▸ Data
»»

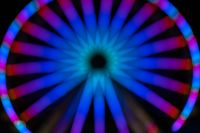 Kaboompics - Blue Ferris Wheel Bokeh with a Bright Green Center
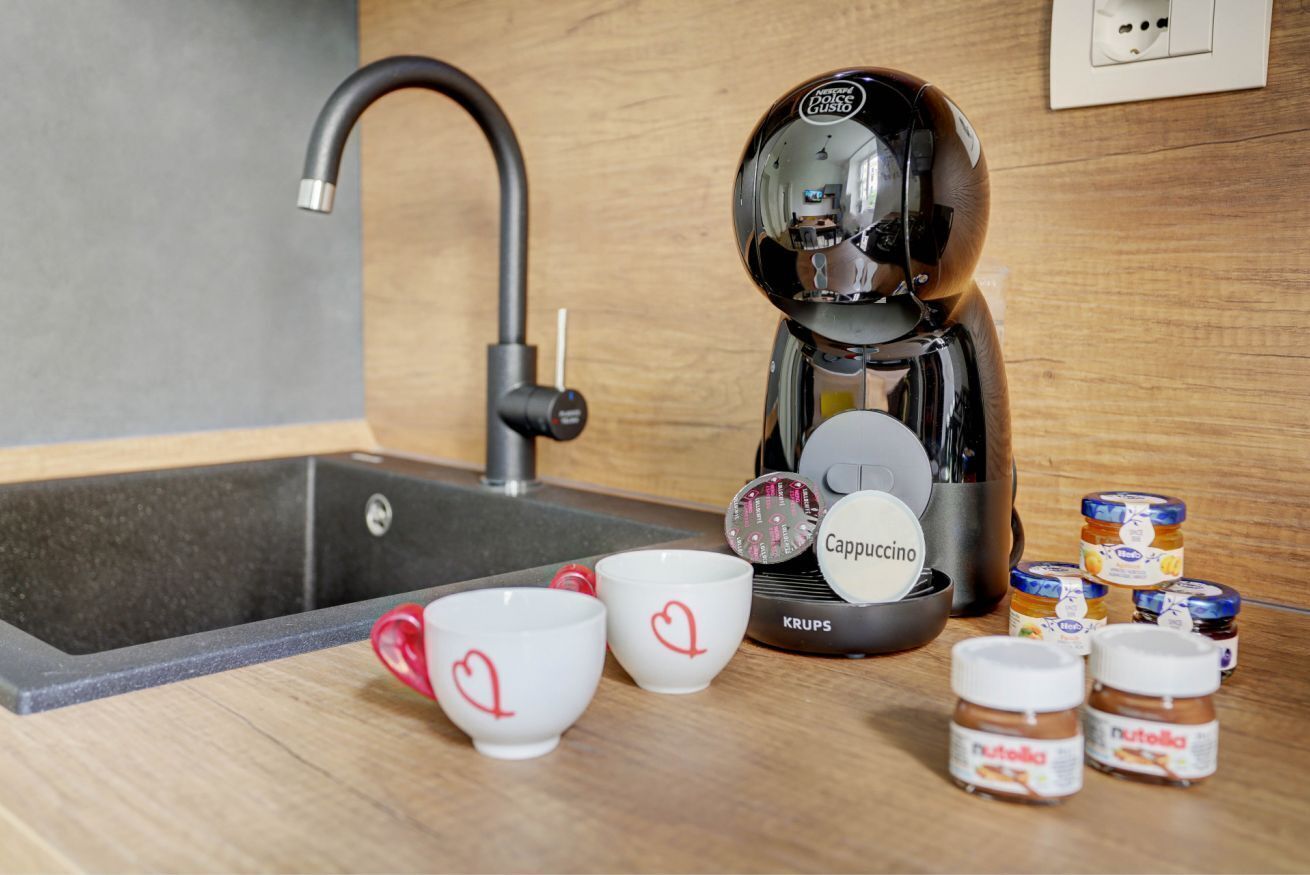 Ett kök med en kaffebryggare, två koppar och burkar med Nutella och andra pålägg.
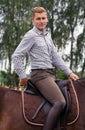 Young man riding brown horse on the countryside Royalty Free Stock Photo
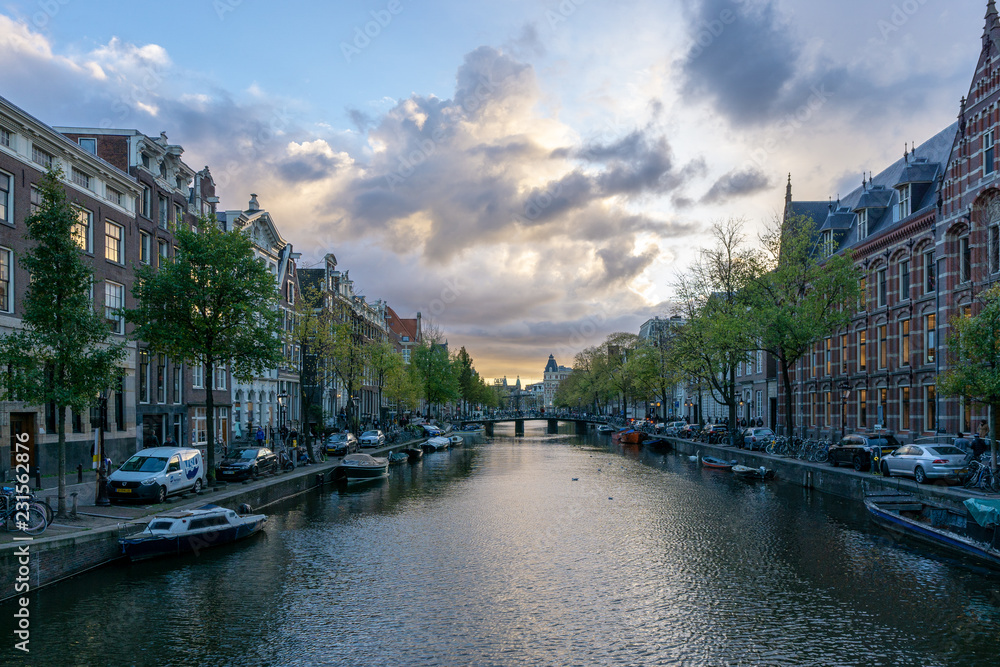 Amsterdam canal before sunset, dramatic sky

««

▸ Work item
Transcribe the full listing above exactly as it stands, minus the pictures.

▸ Answer to this problem
 Kaboompics - Blue Ferris Wheel Bokeh with a Bright Green Center
 Ett kök med en kaffebryggare, två koppar och burkar med Nutella och andra pålägg.
 Young man riding brown horse on the countryside Royalty Free Stock Photo
 Amsterdam canal before sunset, dramatic sky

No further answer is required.